In this curl command:

  • YOUR_RUNPOD_API_KEY should be replaced with your actual RunPod API key, which can be generated from your account settings RunPod API documentation.
  • gpuType specifies the desired GPU model (e.g., "NVIDIA A100 80GB"). You can find available GPU types and their specifications on the RunPod pricing page.
  • templateId refers to a pre-configured Docker image template; runpod-pytorch-2-1-cuda-12-1 is an example of a PyTorch environment. You can also specify a custom imageUrl for your own Docker image.
  • containerDiskInGb sets the size of the ephemeral disk for the container.
  • minCpuCount and minMemoryInGb define the minimum CPU cores and RAM for the instance.

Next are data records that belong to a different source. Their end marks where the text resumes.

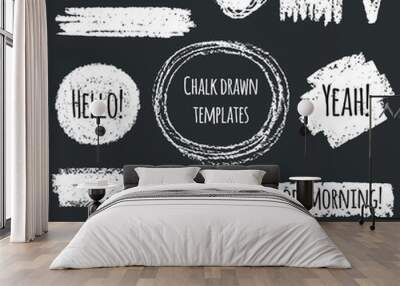 Chalk or pencil drawn graphic elements collection - strokes, stripes, frames, rectangle, oval and round shapes, heart, tick. Chalk forms on black board with lettering - thank you, hello, welcome.  Wall mural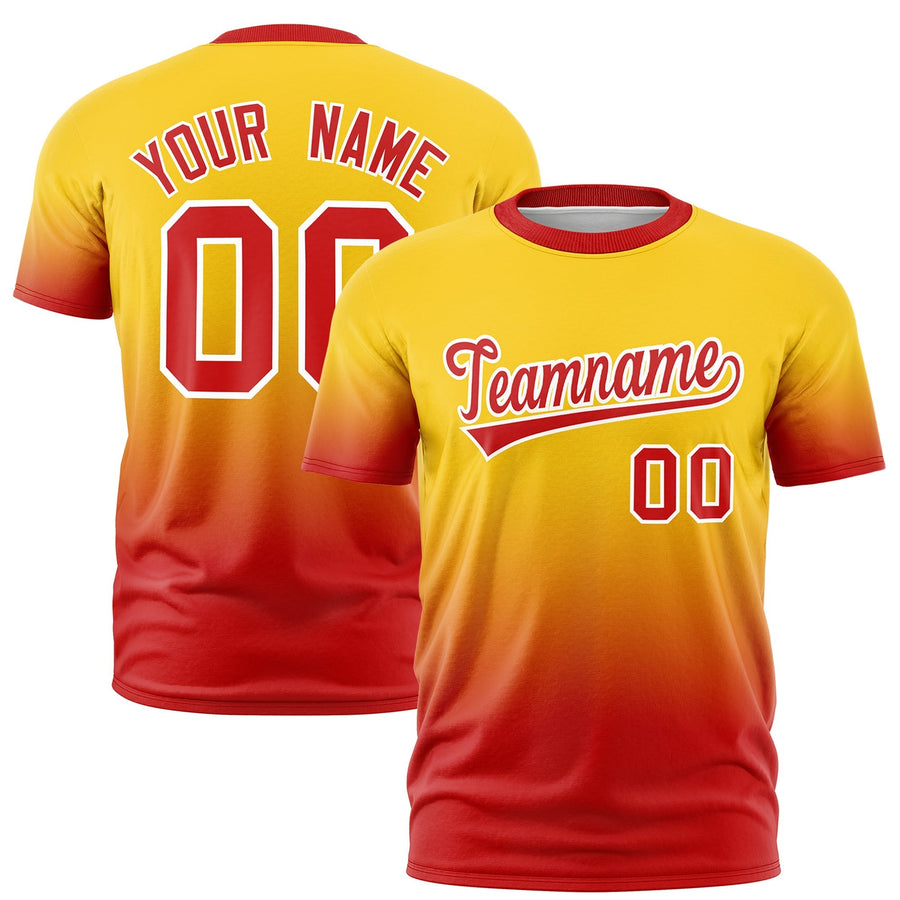 Custom Gold Red White T-shirt Gradient Fashion Lightweight | BuyFootballJersey
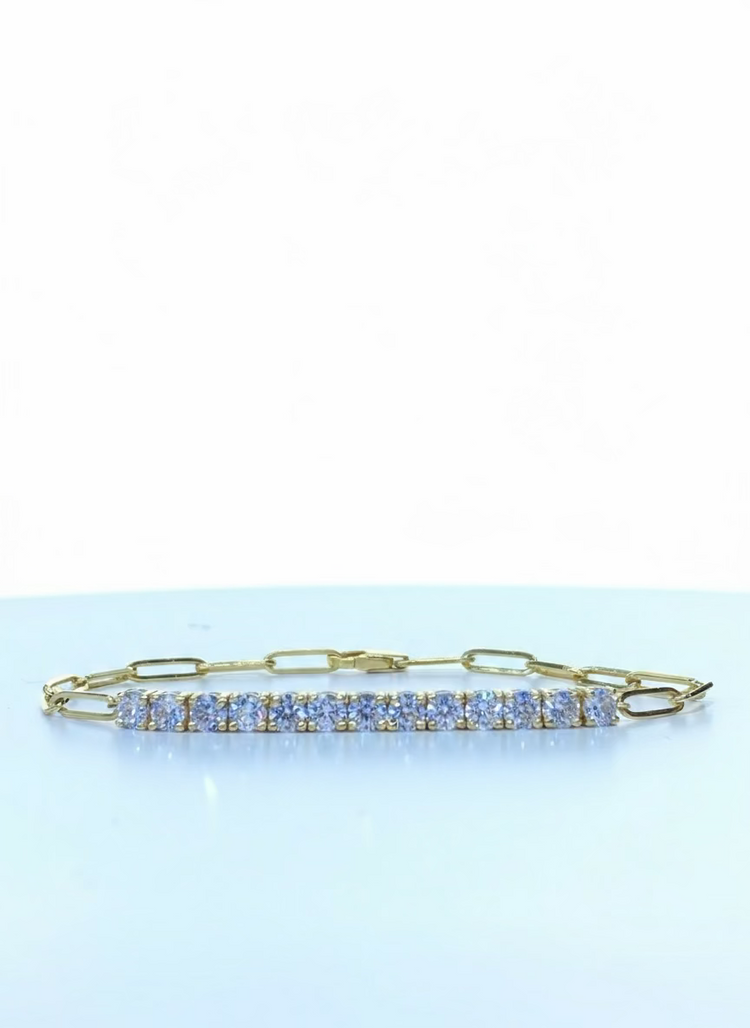 Paperclip tennis Bracelet 2.31ct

  • volumeInGb allocates persistent storage, which can be attached and detached from pods RunPod Persistent Storage.

After executing this command, the RunPod API will return a response containing details about the newly created pod, including its ID and status. You can then use the RunPod CLI or further API calls to connect to the pod via SSH, upload data, and start your GPU-accelerated workloads.